Emirates’ Tim Clark says Boeing ‘not getting it’ on 737 Max, 787

“The wake up call of the Max was something that told them that all was not right.”

Release Date
March 9, 2021
Emirates' Tim Clark says Boeing 'not getting it' on 737 Max, 787

Sir Tim Clark is worried about Boeing.

In an exclusive interview with The Air Current Tuesday morning, the longtime President of Emirates airline offered a surgical dissection of the U.S. plane maker and its acute struggles with the 737 Max, 777X and 787, which he believes are existential, systemic and solvable.

“Culpability for the culture, strategy, direction, priority of that company rests with the Boeing board and nobody else. And that’s where the buck should stop. And that’s where they need to get themselves sorted out,” he said. “So going forward, the relationships that airlines have with the likes of Boeing will be conditioned by what they see they are doing to sort out their internal problems.”

The public rebuke is the sharpest Boeing has received from any customer in the wake of its rolling series of crises. Clark has been instrumental in steering the biggest jetliner programs at Boeing and Airbus over decades and is one of the industry’s most influential figures. He believes that Boeing has a way to go in rebuilding trust and confidence with regulators, customers and the traveling public.

“I regret having to say all this, but I kind of, I think it needs to be said, otherwise, we’re just going to move on out of the Max era, as if nothing has happened.” said Clark. Boeing’s leadership “can take that whichever way they like it. If they don’t like what they hear, well, then that’s tough.
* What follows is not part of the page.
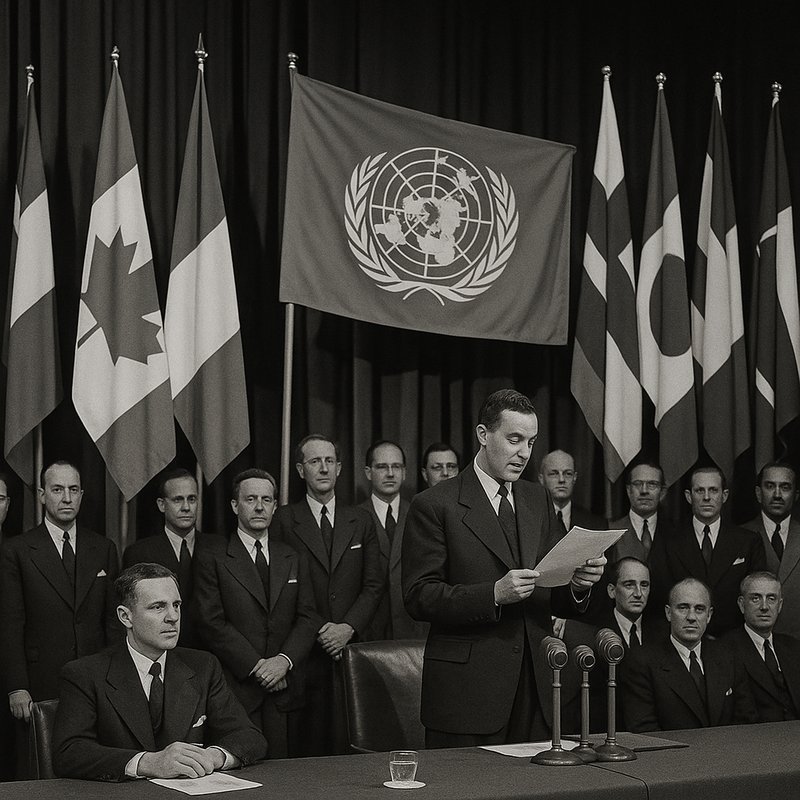 Historical event image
That’s someone like me saying, you need to sort yourself out.”

The nearly 90-minute interview covered an expansive range of topics, including the future of the airline that, until recently, held the title of the world’s largest international carrier, the COVID-19 pandemic, as well as its fleet strategy and the future of its fleet of superjumbo Airbus A380s. Those topics will be explored in later articles.

Clark, 71, delayed his retirement last year as “this bloody pandemic”, in his words, ravaged Emirates and the global airline industry. The conclusion of this stage of his career coincides with a cataclysm that has left the industry reeling and coincides with the worst safety and operational crises in Boeing’s history.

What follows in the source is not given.